The politician-turned climate activist debuted his new movie, An Inconvenient Sequel: Truth to Power, in Silicon Valley last month — a film that follows Gore around the world as he continues his decades-long fight to create a more sustainable future for the planet.
While its Oscar-winning predecessor focused primarily on eye-opening chart graphs and statistics (and is credited with helping to mobilize a generation of climate activists), reviewers of this brand new-follow up say it is a far more personal and emotional film. An Inconvenient Sequel depicts the dire consequence of global warming, but it also sends a message of hope: Human ingenuity can prevail because it must.
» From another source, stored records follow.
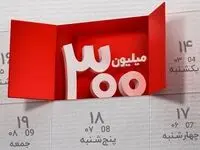 برندگان هفتمین دوره قرعه کشی طرح گردونه بانک ملت مشخص شدند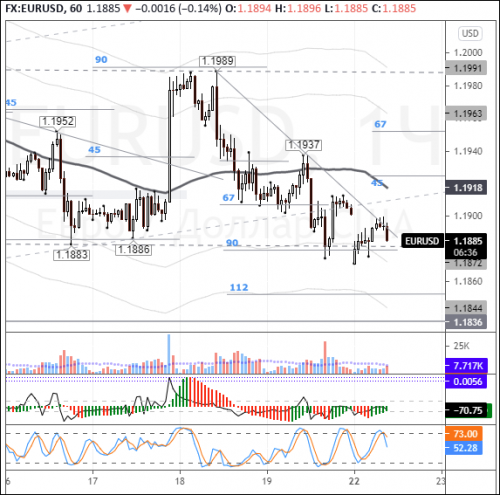 forex-eurusd-22-03-2021.png
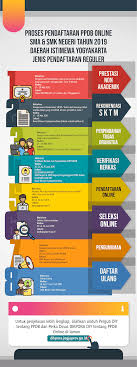 Pendaftaran secara online boleh dilakukan menerusi laman web sistem pendaftaran atas talian (spatkpm) kementerian pendidikan jika berjaya, sekolah akan mengemukakan surat tawaran yang perlu dibawa pada hari pertama persekolahan. Info Penerimaan Peserta Didik Baru Ppdb Sman 1 Sewon Ta 2019 2020 Sman 1 Sewon
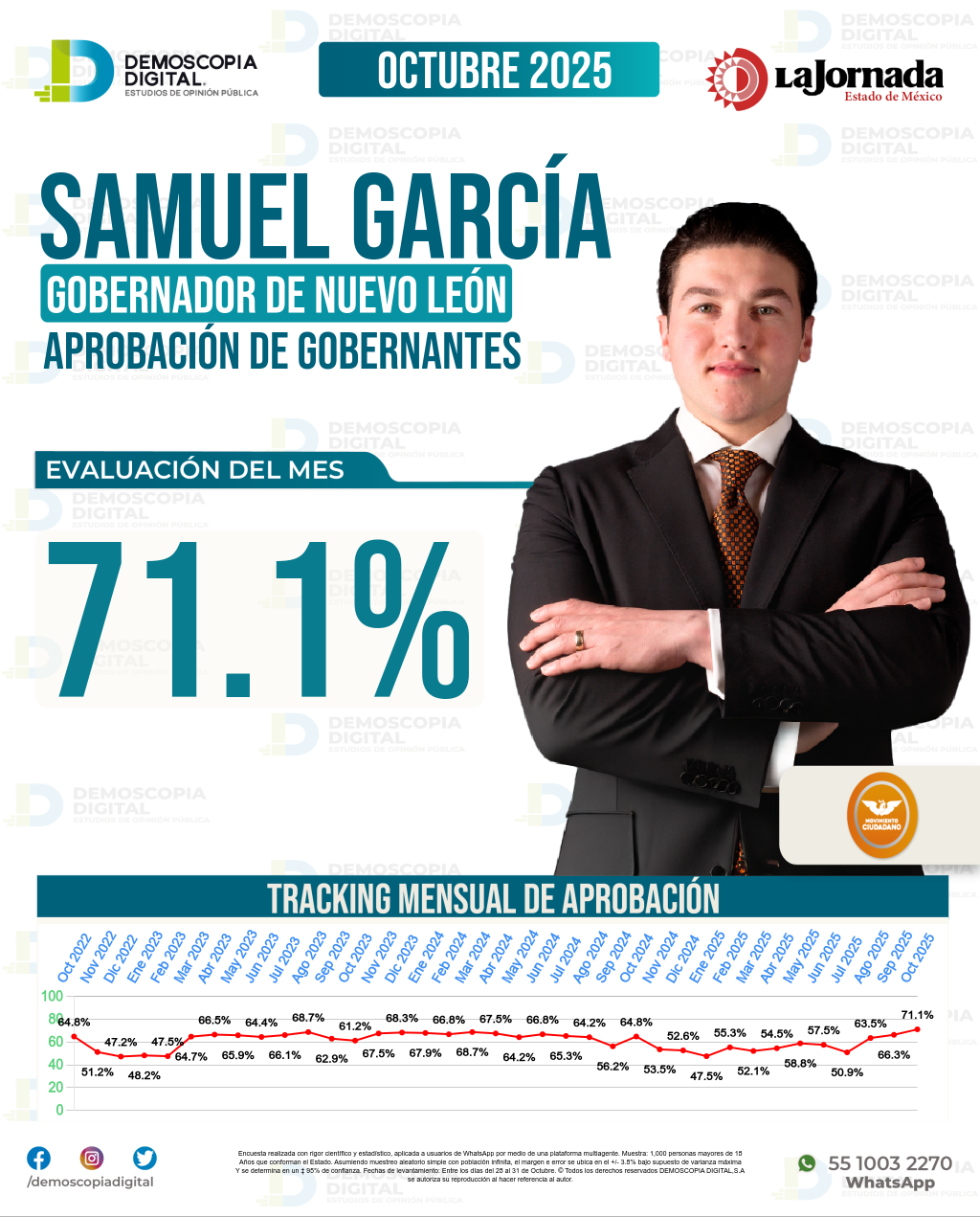 Imagen de portada de Samuel García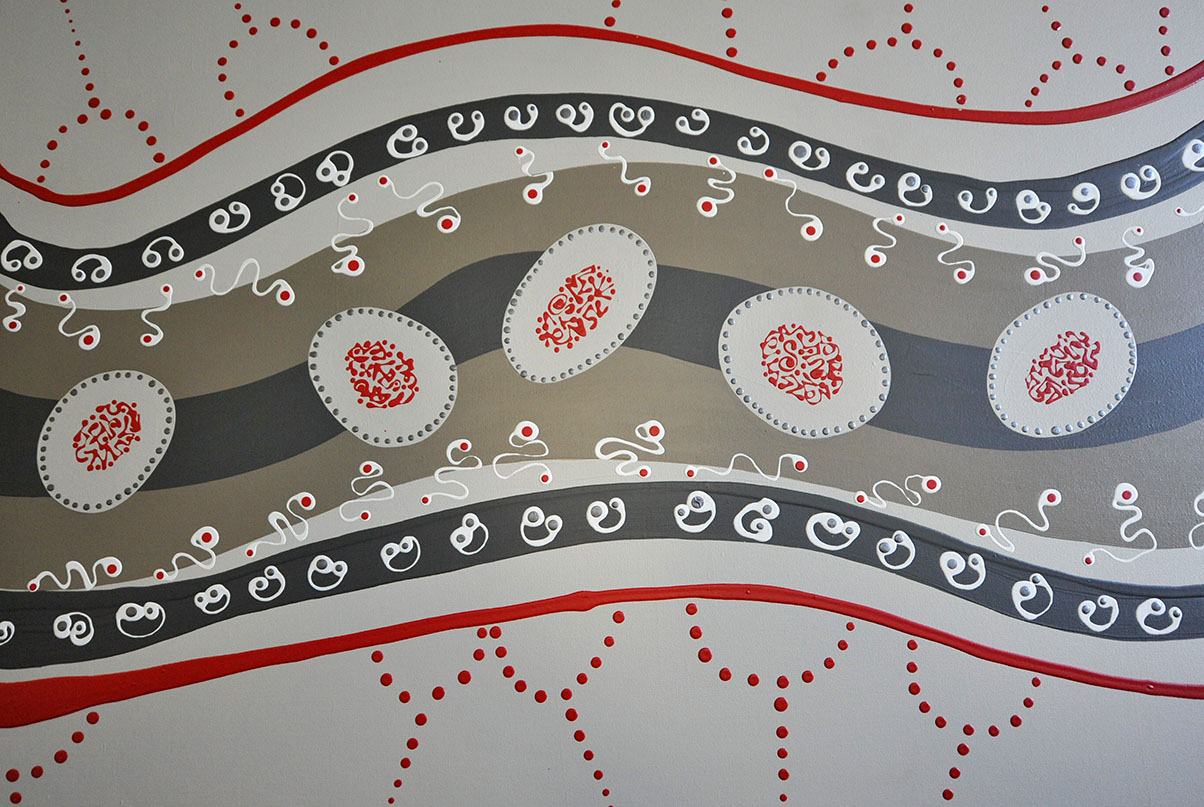 First Nations Community Engagement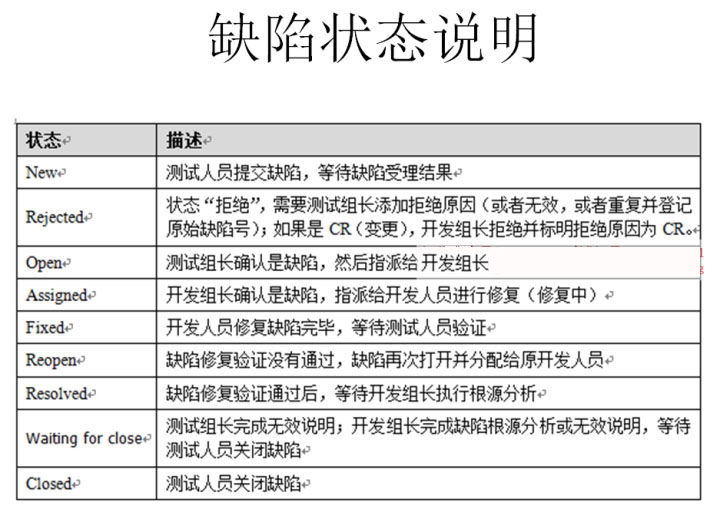 测试基础6 bug要素及其生命周期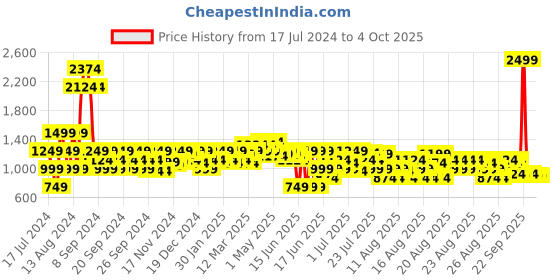 myntra.com MINI KLUB Boys Grey Solid Tailored Jacket mini klub Price History Graph from 17 Jul 2024 to 4 Oct 2025
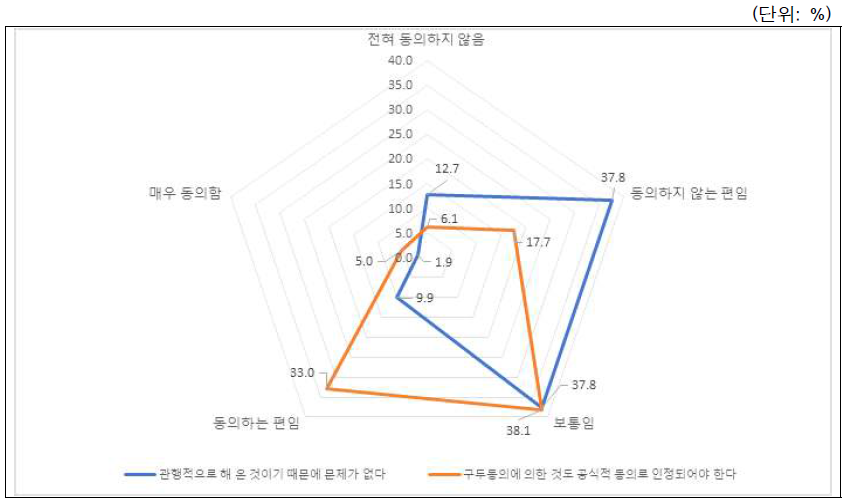 시나리오-연구실문화(과제관리관행과 저자권): 전체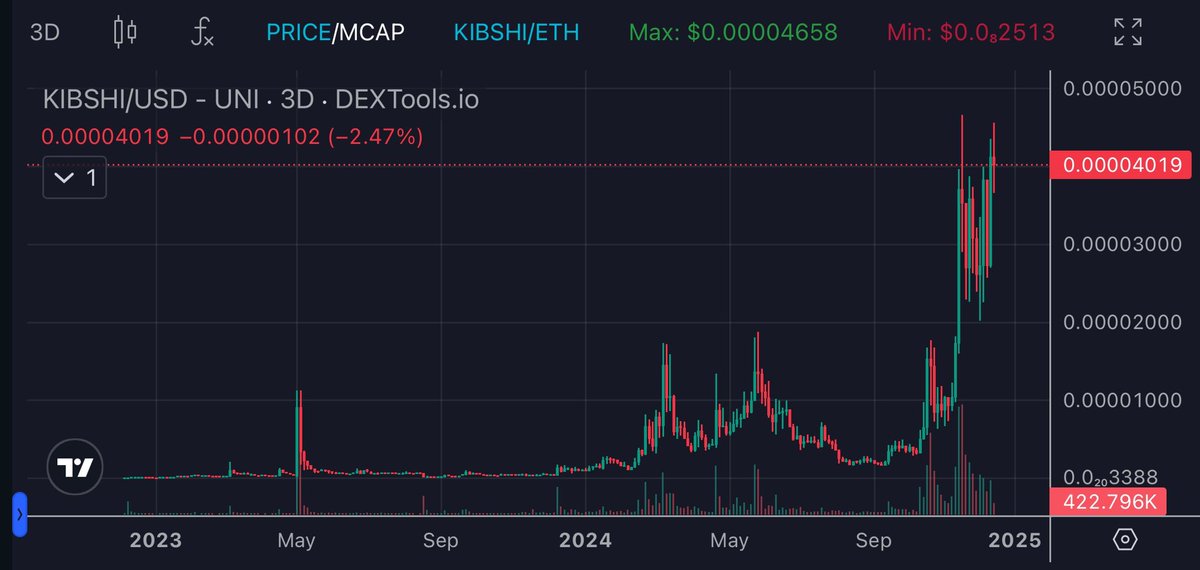 FEXIR | CRYPTO ♟️🎯 tweet media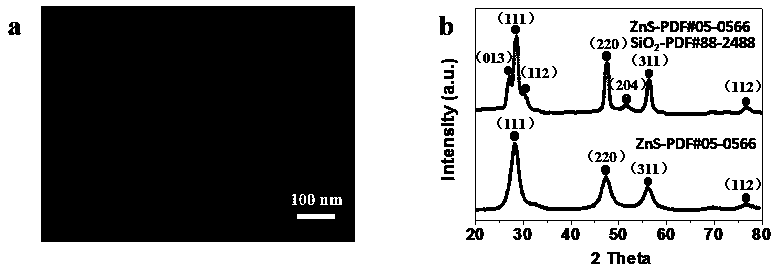 Preparation of high-performance ZnS @ SiO2/C cathode and lithium/sodium storage application of cathode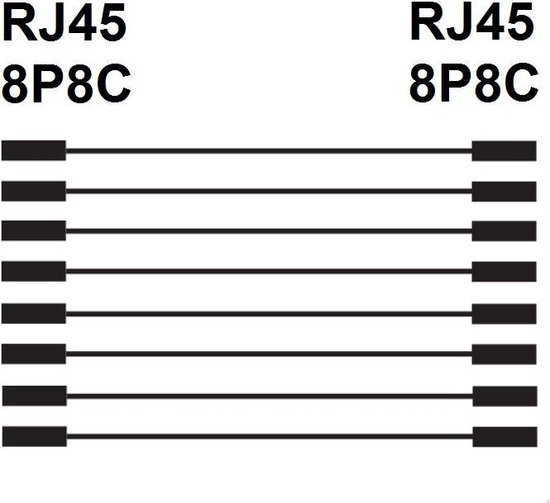 RJ45 - RJ45 8-aderige ISDN telefoon verlengkabel / zwart - 10 meter - S-Impuls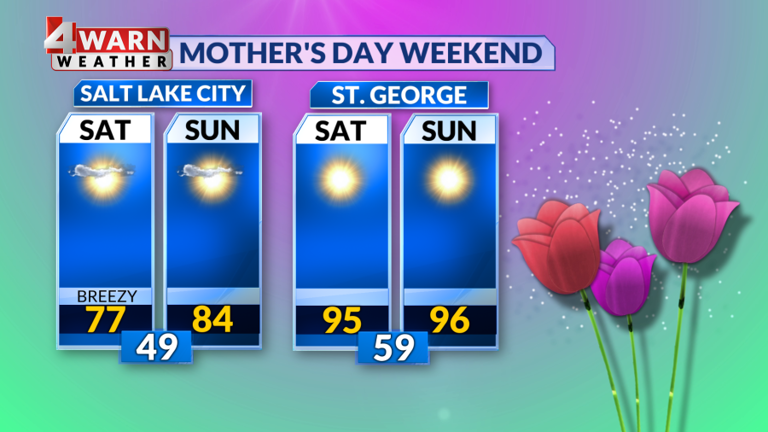 Sunshine with warming temperatures this weekend; then near-record heat ...
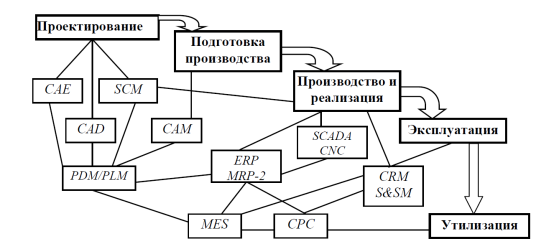 Картинки по запросу 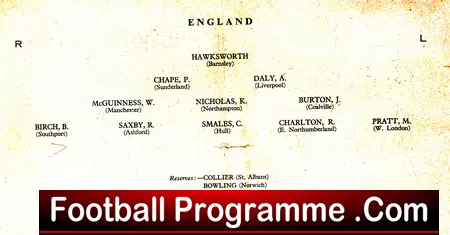 England v Scotland 1953 – Schoolboys Bobby Charlton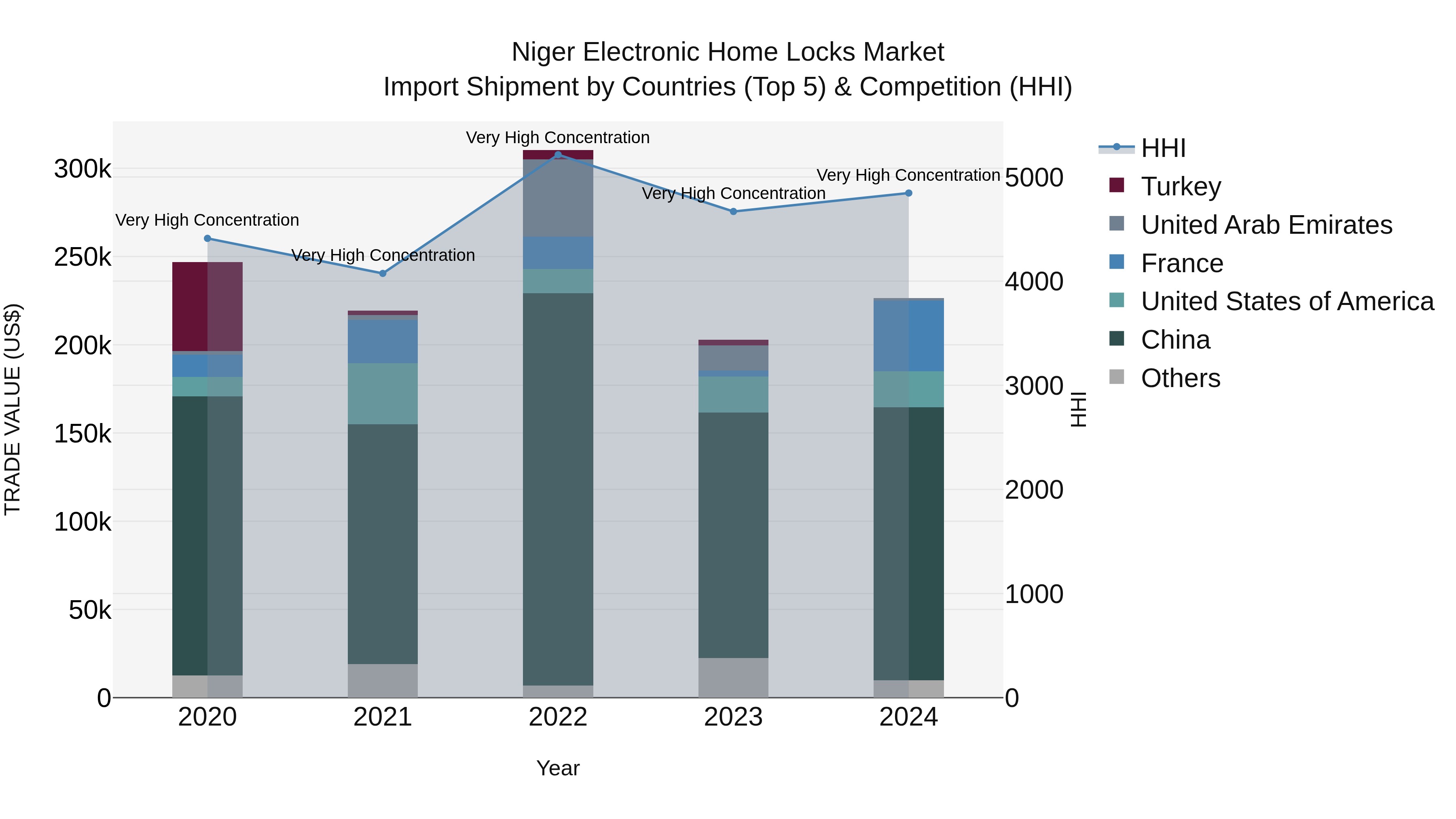 Niger Electronic Home Locks Market: Top 5 Importing Countries and Market Competition (HHI) Analysis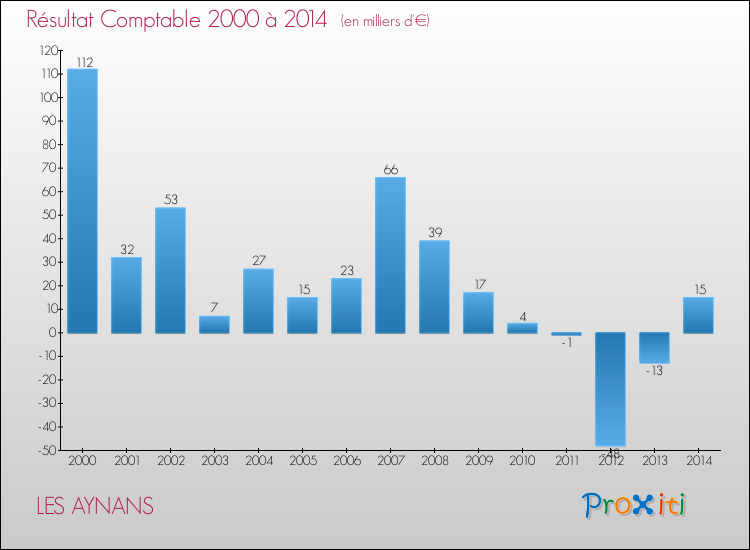 Evolution du résultat comptable pour la commune de LES AYNANS de 2000 à 2014 Evolution du résultat comptable pour LES AYNANS de 2000 à 2014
Al Gore meets Canadian Prime Minister Justin Trudeau at the 2015 COP21 climate conference in Paris. Screenshot from trailer for An Inconvenient Sequel: Truth to Power
The 99-minute documentary takes viewers on a simultaneously stunning and horrifying visual journey through drowning cities, dried up villages, and homes torn apart by hurricanes. It takes them behind the scenes of the COP21 climate conference in Paris, where world leaders made an unprecedented commitment to keep global warming below two degrees this century, and into rooms with some of the leaders and innovators spawning clean energy revolutions around the the world (expect at least a cameo appearance from Prime Minister Justin Trudeau!)
But it also paints a picture of climate action in the context of a U.S. president that has vowed to dismantle the Environmental Protection Agency and unravel American clean energy climate commitments. The film received a standing ovation at the Sundance Film Festival in January, but its critics say it lacks the focus of Gore’s first documentary, and could be perceived as depicting Gore as a lone wolf in the climate change battle.
An Inconvenient Sequel: Truth to Power is scheduled for limited release in theatres on July 28.